---
name: diagnostic-maturation
description: "Use when evolving a basic diagnostic server scaffold into a production-grade operator toolkit. Guides 6 maturation levels (domain health → smoke tests → assert language → CLI formatting → diff engine → REPL+watch) with verification gates."
---

# interhelm:diagnostic-maturation — Diagnostic Server Maturation Guide

## When to Use

Use when:
- You've scaffolded a diagnostic server (via `interhelm:runtime-diagnostics` or manually) and it only returns basic boolean health
- You want to build CLI operator tools that call the server's diagnostic endpoints
- You need to audit an existing diagnostic server's maturity level
- You're evolving beyond the scaffold toward production-grade operator tooling

Do NOT use when:
- You don't have a diagnostic server yet (use `interhelm:runtime-diagnostics` first to scaffold endpoints)
- You're building monitoring/alerting infrastructure (this is operator tooling, not ops)
- The app is a web service with existing APM (Datadog, New Relic, etc.)

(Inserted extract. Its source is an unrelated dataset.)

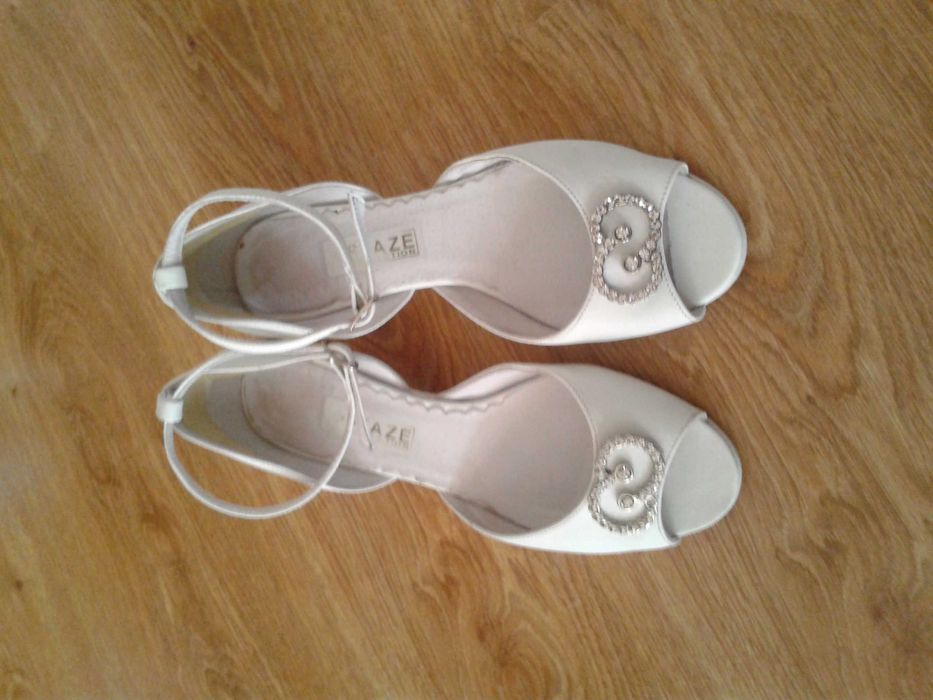 buty damskie, białe, rozm. 37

**Relationship to `runtime-diagnostics`:** That skill scaffolds the *server-side endpoints* (health, diff, assert, smoke-test HTTP routes). This skill guides building the *CLI-side operator tools* that call those endpoints — the client layer, formatting, interactive modes, and the domain modeling that makes health checks meaningful.

## Mode Selection

Infer the mode from context:
- If the prompt mentions "audit", "assess", "evaluate", or "what level" → **Audit mode** (§ Conformance Audit)
- If the prompt mentions "improve", "evolve", "mature", "next level", or "add" → **Maturation mode** (§ Maturation Ladder)
- If ambiguous, default to **Audit mode** first (assess current state, then guide improvement)

---

## Maturation Ladder

Six levels from skeleton to production-grade. Each level is independently useful. Levels are sequential by default — each builds on the previous — but agents can skip levels if the app doesn't need them (e.g., skip L5 Diff Engine if the app has no snapshot-comparison use case).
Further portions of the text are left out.